Russian anti-war presidential candidate Boris Nadezhdin said he would appeal to the Supreme Court after the Central Election Commission (CEC) barred him from a March election expected to be easily won by President Vladimir Putin.

The CEC had previously said that it had found flaws in signatures that Mr Nadezhdin and his allies had collected in support of his candidacy and that some of the purported signatures were those of dead people.

At a meeting in its central Moscow headquarters, election officials said those flaws meant that Mr Nadezhdin, 60, had failed to gather the 100,000 authenticated signatures needed to become a candidate and could, therefore, not take part.

Mr Nadezhdin said on his official Telegram channel that he did not agree with the CEC’s decision and would challenge it in Russia’s Supreme Court.
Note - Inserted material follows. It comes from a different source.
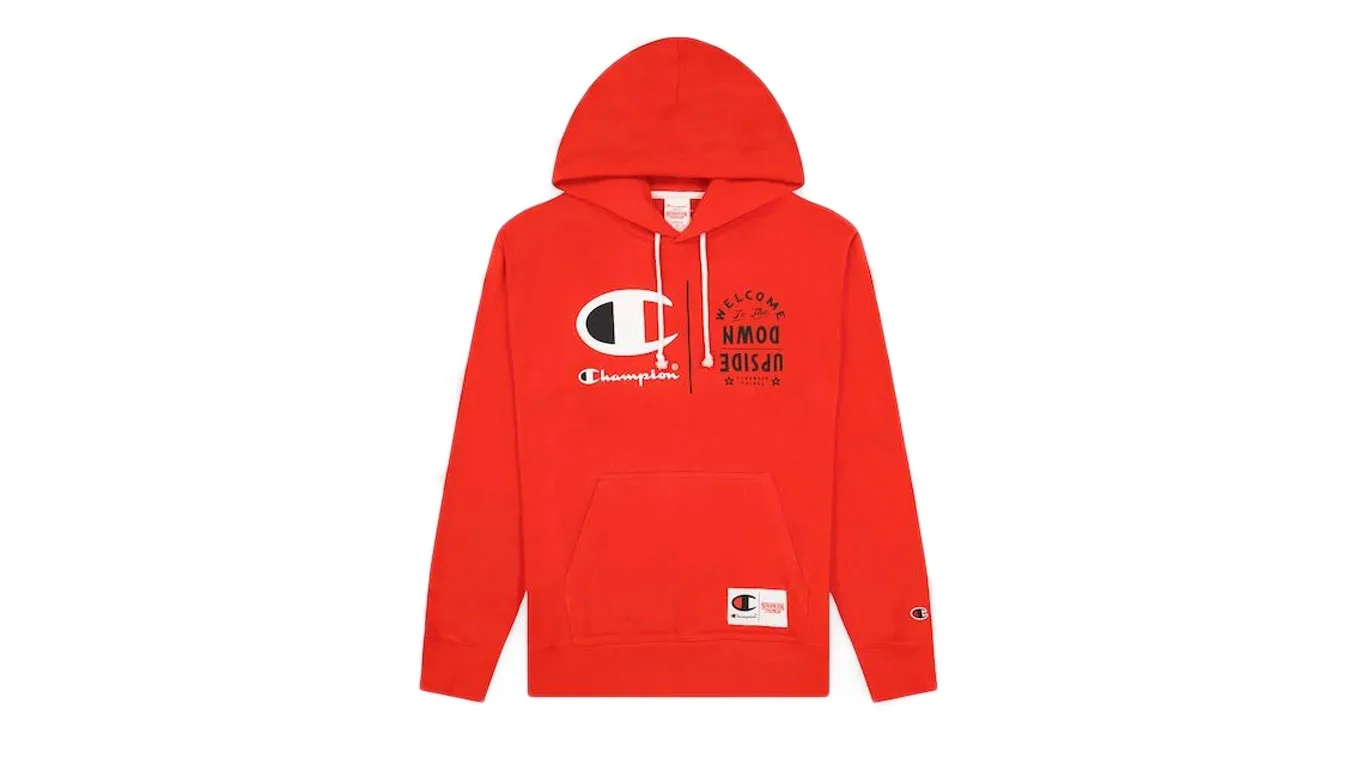 Мъжки суитшърт с качулка Champion x Stranger Things червен – Vermelho – Мъжки худита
“I collected more than 200,000 signatures across Russia. We conducted the collection openly and honestly – the queues at our headquarters and collection points were watched by the whole world,” he said.

“Taking part in the presidential election in 2024 is the most important political decision of my life. I am not giving up on my intentions.”
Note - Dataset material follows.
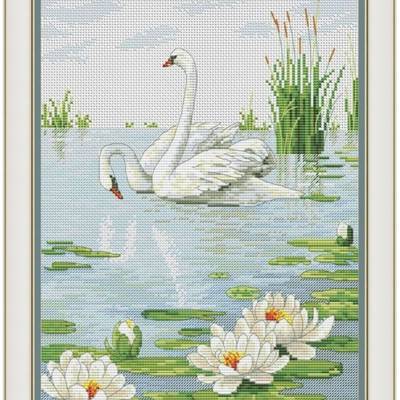 фото: картина для вышивки крестом Пара лебедей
He called on his supporters to keep their faith despite what appeared an irreversible setback in what is a highly controlled political system.
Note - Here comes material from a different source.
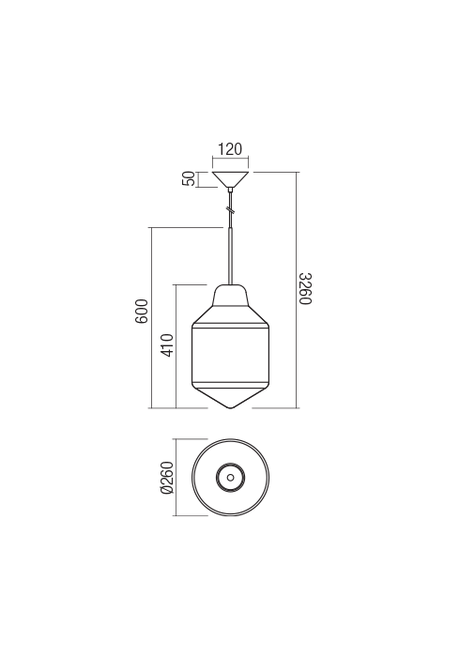 Suspensie   AMNO, fumuriu, 1xE27, Redo 01-1773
“I ask you not to give up. Something has happened that many people could not believe in: citizens have sensed the possibility of change in Russia,” said Mr Nadezhdin.

Nobody had expected Mr Nadezhdin, to win. The victory of 71-year-old Putin, who has been in power as either president or prime minister since the end of 1999 and controls all the state’s levers, is widely seen as a foregone conclusion.

But Mr Nadezhdin had surprised some analysts with his criticism of what the Kremlin calls its “special military operation” in Ukraine, something he calls “a fatal mistake,” and had said he would try to end through negotiations.

Kremlin critics say Mr Nadezhdin, who has been a regular guest on state TV programmes discussing the war, would not have been allowed to get as far as he did in such a tightly controlled political system without the authorities’ blessing, something he denied.

The Kremlin, which had previously said it did not see Mr Nadezhdin as a serious rival to Mr Putin, said the CEC’s decision to refuse to register Mr Nadezhdin was in line with all the relevant rules.

“What we heard today from the CEC is that there were a large number of errors in the signatures, and a large number of signatures were invalid,” said Kremlin spokesman Dmitry Peskov.

“An important condition (to be registered) has not been fulfilled.”

As a candidate nominated by a political party, Mr Nadezhdin needed to gather 100,000 signatures across at least 40 regions in order to stand in the March election.

Mr Putin, who has chosen to run as an independent rather than as the candidate of the ruling United Russia party, needs 300,000 signatures. He has already collected over 3.5 million, according to his supporters.